[Task to carry out]: A copy of the listing below is needed, exact in every line and without images.

[Data excerpt]:
--------------------

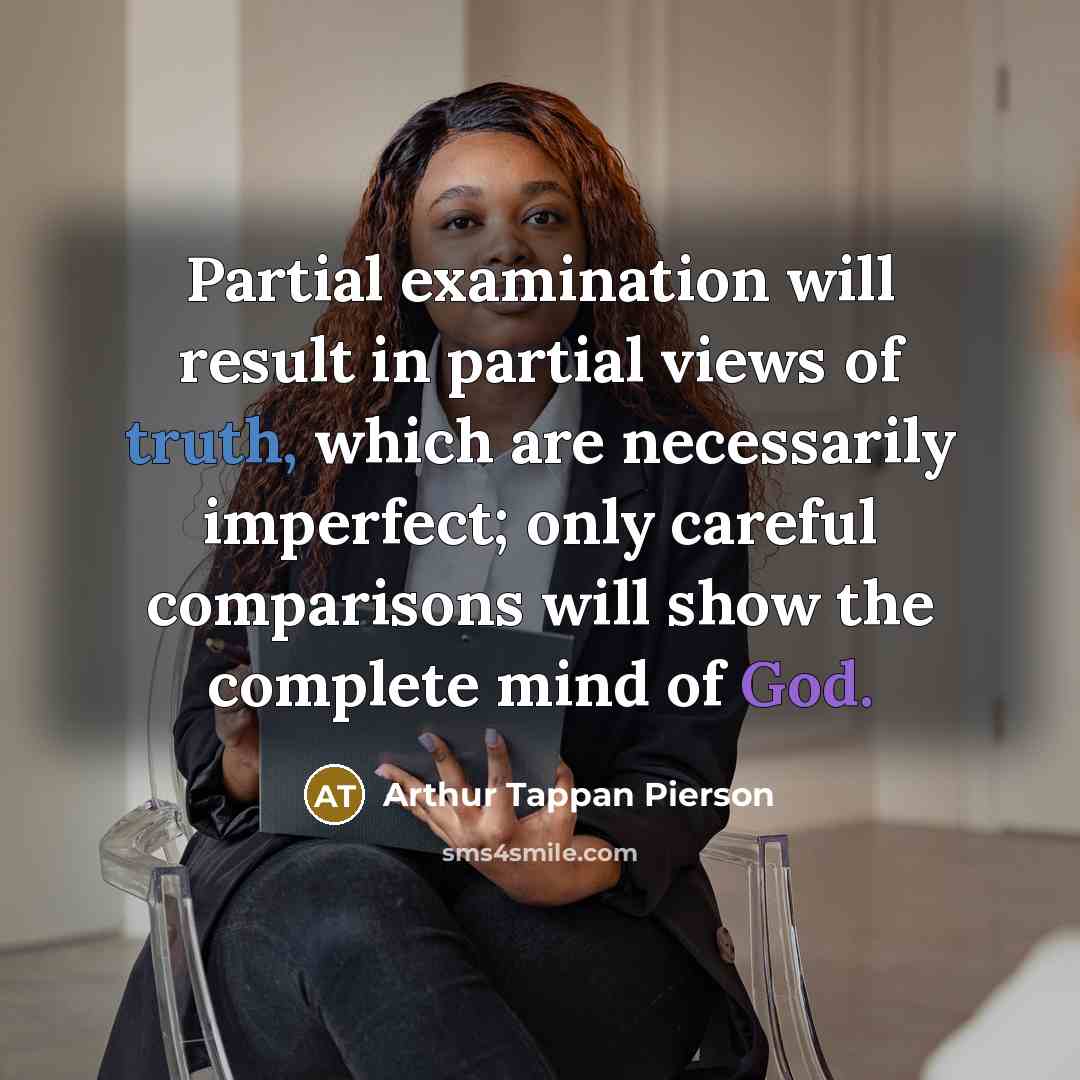 “Partial examination will result in partial views of truth, which are necessarily imperfect; only careful comparisons will show the complete mind of God.” quote by Arthur Tappan Pierson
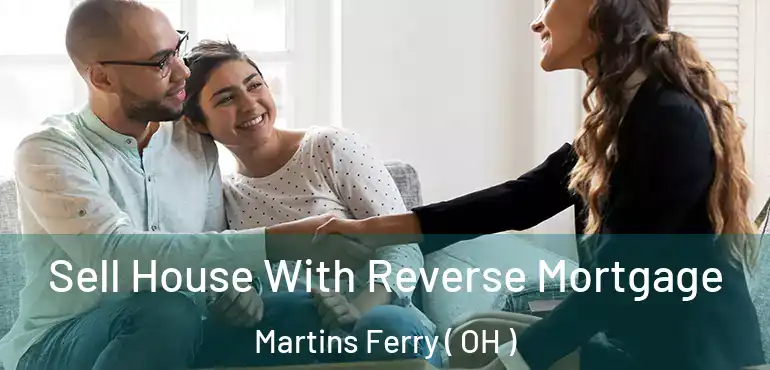  Sell House With Reverse Mortgage Martins Ferry ( OH )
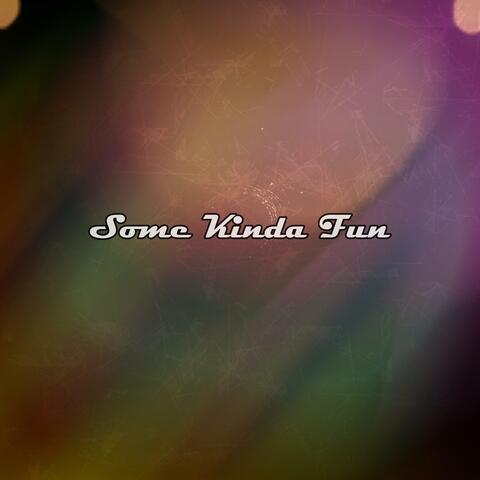 Some Kinda Fun album art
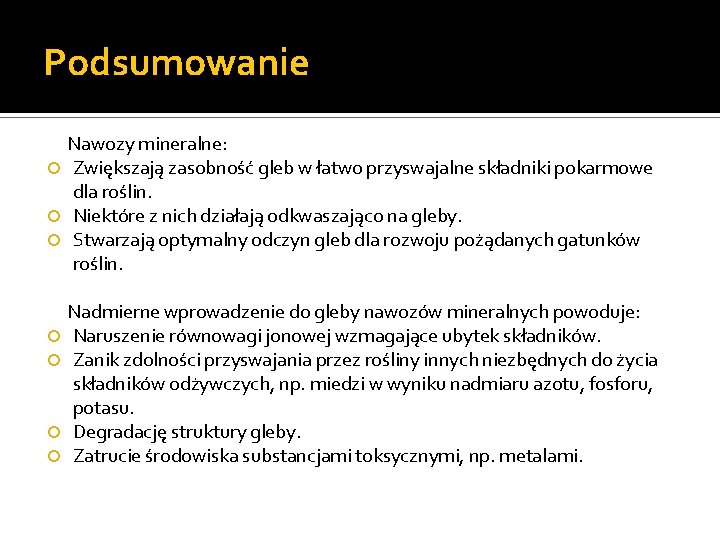 Podsumowanie Nawozy mineralne: Zwiększają zasobność gleb w łatwo przyswajalne składniki pokarmowe dla roślin. Niektóre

--------------------

[Task solution]:
 “Partial examination will result in partial views of truth, which are necessarily imperfect; only careful comparisons will show the complete mind of God.” quote by Arthur Tappan Pierson
  Sell House With Reverse Mortgage Martins Ferry ( OH )
 Some Kinda Fun album art
 Podsumowanie Nawozy mineralne: Zwiększają zasobność gleb w łatwo przyswajalne składniki pokarmowe dla roślin. Niektóre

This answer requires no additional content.